DLSS only works on RTX GPUs. This is because DLSS needs specific hardware, but that doesn’t matter. Nvidia has developed a feature to sell new graphics cards, plain and simple. Comparing that to games that solely use one image reconstruction feature over another isn’t an even battle. They are not the same thing.

AMD may, for example, decide to make its upcoming FSR 3 exclusive to its GPUs. In that world, we have two GPU brands competing with each other on features, and it’s up to buyers and reviewers to decide which one is better. In case of star field,if indeed it will use FSR exclusively, there is no competition. It’s just one company putting one roadblock in front of the other.

It’s important to reiterate again that we don’t know for sureStarfieldwill only use FSR. The problem is AMD’s silence on the situation, which allows speculation to run wild. Nvidia, for its part, doesn’t mince words.

Nvidia will not in any way block, restrict, discourage or hinder developers from implementing competing technologies, Nvidias Keita Iida said in a statement to Digital Trends and other outlets.

No excuses for exclusivity

Jacob Roach / Digital Trends

In the early days of DLSS and FSR, we saw many games that only supported one of the two features. Since then, however, we (and the developers) have learned just how similar the two are behind the scenes, and most major AAA releases include at least FSR and DLSS support, and often XeSS support as well.

dying light 2ANDCall of Duty Modern Warfare IIsupport all three.atomic heart,which Nvidia has been promoting for almost six years, supports DLSS and FSR (as well asDead space).Devil IVit also supports all three and with a very unique implementation where you are limited based on your hardware (DLSS for RTX, XeSS for Arc and FSR for everything else). For a game as big asstar field,there’s simply no excuse to support just one of the three.
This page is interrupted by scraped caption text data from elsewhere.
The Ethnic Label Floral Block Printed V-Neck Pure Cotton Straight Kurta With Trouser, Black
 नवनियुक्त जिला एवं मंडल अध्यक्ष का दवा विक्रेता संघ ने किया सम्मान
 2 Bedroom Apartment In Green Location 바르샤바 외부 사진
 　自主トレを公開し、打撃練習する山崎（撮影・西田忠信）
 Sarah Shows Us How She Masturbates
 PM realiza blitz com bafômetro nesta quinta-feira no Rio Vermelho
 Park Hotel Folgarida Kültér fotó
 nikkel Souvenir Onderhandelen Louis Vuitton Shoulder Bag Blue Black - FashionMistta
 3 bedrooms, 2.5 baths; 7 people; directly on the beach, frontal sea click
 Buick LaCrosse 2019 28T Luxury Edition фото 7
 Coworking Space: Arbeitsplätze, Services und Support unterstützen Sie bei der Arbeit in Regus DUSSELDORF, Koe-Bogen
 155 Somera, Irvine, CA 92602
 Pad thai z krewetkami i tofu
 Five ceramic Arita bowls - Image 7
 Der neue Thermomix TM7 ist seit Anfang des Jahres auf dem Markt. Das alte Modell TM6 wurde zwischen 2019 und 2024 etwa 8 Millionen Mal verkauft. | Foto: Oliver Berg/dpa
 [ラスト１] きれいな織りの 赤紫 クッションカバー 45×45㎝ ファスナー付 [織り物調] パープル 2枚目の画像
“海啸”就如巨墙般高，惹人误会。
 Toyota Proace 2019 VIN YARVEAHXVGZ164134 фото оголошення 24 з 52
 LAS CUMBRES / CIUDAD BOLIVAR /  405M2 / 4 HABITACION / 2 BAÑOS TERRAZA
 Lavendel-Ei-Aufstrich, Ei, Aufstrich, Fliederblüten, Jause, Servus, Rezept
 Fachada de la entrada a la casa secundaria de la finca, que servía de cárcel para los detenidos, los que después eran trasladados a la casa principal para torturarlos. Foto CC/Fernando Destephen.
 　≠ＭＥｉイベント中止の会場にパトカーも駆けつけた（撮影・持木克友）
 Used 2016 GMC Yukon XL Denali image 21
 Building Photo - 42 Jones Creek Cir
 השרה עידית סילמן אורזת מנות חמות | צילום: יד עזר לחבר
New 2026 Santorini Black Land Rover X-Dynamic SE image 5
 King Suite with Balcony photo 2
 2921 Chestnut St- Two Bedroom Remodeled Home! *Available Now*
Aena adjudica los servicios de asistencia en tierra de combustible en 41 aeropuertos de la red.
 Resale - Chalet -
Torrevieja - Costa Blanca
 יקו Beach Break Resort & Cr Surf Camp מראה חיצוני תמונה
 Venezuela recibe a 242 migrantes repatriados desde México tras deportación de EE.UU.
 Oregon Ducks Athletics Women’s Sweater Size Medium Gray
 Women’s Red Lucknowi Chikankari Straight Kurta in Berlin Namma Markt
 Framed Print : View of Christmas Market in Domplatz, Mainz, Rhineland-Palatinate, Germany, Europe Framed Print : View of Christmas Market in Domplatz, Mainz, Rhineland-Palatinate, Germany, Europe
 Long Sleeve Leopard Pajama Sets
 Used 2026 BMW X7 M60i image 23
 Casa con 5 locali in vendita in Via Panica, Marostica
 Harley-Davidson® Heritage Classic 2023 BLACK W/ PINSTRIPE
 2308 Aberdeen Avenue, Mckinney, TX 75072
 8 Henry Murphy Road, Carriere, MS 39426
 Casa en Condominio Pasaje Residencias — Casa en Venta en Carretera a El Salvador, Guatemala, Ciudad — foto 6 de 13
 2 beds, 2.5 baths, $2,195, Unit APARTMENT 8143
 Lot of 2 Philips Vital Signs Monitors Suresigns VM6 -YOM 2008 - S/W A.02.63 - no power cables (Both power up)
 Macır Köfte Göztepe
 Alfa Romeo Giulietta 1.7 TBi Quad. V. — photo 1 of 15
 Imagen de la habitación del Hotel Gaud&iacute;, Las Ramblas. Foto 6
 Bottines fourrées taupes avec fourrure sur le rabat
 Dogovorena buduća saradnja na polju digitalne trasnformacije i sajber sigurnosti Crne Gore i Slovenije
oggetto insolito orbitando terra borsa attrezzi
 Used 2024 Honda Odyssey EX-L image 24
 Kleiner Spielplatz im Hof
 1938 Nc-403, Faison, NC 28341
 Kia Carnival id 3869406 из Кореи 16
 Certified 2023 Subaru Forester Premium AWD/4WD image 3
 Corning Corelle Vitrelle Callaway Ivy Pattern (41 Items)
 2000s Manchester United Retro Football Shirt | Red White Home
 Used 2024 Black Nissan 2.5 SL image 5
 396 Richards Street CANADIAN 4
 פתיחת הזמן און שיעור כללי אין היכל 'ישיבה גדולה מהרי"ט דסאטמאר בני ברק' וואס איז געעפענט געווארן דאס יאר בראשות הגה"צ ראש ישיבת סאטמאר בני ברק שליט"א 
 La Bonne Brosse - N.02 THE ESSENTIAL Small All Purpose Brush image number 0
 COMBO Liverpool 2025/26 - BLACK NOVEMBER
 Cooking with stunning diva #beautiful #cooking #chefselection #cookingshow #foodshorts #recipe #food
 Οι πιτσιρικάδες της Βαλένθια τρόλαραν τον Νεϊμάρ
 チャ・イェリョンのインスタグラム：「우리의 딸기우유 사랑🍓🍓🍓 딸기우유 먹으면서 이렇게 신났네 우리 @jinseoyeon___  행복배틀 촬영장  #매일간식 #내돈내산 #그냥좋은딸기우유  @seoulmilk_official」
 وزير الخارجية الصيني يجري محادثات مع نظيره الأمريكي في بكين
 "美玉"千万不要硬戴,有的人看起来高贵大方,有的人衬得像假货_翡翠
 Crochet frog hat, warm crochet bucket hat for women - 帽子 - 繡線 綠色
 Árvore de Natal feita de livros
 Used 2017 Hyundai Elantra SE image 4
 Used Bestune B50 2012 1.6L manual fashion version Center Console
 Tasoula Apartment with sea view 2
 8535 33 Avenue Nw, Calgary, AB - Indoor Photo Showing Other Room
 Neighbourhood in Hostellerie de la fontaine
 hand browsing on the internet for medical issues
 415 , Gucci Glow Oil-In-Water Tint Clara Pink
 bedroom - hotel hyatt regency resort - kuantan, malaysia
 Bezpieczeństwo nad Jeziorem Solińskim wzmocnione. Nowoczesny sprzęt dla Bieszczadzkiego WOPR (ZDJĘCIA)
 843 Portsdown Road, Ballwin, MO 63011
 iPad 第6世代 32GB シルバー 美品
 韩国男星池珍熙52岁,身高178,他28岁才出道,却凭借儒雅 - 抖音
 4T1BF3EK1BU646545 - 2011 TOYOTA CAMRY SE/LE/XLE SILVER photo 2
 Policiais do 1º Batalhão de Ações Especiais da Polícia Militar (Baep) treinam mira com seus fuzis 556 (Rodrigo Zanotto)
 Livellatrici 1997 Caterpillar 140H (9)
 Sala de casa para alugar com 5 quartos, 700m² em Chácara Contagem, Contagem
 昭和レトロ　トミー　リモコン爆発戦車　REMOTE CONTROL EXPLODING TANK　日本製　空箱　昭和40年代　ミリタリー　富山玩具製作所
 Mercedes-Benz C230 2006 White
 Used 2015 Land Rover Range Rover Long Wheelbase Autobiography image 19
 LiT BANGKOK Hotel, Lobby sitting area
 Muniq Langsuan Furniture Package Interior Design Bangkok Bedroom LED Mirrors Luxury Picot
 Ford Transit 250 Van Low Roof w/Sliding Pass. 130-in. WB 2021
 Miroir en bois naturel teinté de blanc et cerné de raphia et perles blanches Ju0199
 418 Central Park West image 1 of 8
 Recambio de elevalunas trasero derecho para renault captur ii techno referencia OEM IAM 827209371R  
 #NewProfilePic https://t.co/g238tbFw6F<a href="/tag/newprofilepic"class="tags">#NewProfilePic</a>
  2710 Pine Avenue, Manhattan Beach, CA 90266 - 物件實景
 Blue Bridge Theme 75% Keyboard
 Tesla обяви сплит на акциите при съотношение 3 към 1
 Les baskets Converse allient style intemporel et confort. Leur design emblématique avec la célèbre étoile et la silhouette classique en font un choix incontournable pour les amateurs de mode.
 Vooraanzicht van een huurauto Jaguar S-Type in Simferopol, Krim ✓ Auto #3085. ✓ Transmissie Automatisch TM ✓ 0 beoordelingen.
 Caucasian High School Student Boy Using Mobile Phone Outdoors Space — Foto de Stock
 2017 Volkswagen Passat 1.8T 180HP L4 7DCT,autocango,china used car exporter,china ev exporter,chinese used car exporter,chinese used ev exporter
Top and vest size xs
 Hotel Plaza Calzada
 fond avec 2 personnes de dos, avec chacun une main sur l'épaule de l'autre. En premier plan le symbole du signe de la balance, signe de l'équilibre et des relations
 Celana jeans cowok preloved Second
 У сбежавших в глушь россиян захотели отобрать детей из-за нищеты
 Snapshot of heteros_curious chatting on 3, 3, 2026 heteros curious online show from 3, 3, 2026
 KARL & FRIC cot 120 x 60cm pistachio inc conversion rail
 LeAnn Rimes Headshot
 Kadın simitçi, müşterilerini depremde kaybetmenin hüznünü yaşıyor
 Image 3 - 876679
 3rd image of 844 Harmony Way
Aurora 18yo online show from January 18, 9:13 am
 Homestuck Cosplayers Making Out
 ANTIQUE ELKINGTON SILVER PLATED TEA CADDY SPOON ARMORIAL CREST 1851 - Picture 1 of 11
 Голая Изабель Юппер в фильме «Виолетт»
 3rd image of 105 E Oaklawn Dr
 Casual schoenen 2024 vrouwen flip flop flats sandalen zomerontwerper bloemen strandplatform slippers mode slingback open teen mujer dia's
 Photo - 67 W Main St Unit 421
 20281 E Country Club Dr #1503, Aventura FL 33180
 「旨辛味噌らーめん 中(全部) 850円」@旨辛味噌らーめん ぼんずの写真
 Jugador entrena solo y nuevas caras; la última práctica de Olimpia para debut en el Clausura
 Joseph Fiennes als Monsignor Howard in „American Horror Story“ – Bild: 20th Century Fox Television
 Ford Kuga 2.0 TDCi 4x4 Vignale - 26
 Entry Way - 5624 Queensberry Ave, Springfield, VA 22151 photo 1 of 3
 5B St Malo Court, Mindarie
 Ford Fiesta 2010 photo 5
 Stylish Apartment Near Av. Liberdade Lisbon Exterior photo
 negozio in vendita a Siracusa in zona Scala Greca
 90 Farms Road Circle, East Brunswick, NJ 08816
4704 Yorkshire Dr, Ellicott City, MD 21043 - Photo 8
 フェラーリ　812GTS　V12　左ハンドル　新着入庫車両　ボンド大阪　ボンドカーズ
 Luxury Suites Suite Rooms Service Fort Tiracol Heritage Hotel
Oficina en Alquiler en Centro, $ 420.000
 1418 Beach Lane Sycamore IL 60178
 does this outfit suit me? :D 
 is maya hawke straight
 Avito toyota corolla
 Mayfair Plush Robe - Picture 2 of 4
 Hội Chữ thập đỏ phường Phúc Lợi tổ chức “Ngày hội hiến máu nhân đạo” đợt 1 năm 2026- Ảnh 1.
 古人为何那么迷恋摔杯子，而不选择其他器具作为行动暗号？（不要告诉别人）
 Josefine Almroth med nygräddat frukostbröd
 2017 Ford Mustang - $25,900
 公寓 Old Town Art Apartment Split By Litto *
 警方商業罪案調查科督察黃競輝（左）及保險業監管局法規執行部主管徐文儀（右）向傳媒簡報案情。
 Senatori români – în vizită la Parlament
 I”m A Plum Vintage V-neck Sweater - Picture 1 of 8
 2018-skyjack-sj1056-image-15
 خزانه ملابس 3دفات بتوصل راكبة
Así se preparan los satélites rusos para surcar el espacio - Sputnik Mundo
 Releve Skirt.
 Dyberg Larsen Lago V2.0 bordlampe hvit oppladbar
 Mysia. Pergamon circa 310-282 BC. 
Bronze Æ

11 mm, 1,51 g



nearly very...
That, in and of itself, isn’t a big deal. Modders will get DLSS up and running whether it’s officially supported or not, and I don’t think Nvidia users will have a poor experience playing it (they can use FSR too, after all). But it sets a bad precedent.

If AMD or Nvidia start committing to blocking the competition’s technology, everyone loses. Now we’re not battling it out on a level playing field of competing technologies to see which is better, but instead engaging with who can spend the most time (and money) stalling the other. It’s not dissimilar to the shenanigans we’ve seen recently Try FTC vs. Microsoft, where console exclusivity deals have locked games down simply based on hardware preferences and who has a bigger exclusivity budget to spend.

I hope the PC is not destined for a similar future. I understand the need for Nvidia and AMD to enter into co-marketing agreements to promote games and their products, but in a world where vendors are blocked from rolling out features and providing optimized drivers for the biggest game releases , it’s a race to the bottom. And ultimately, players have to pay the price for it.

This, fortunately, is not the world we live in today. I just hope that’s not where PC gaming is headed.

This article is part of ReSpec, an ongoing bi-weekly column featuring in-depth discussions, advice, and reports on the technology behind PC gaming.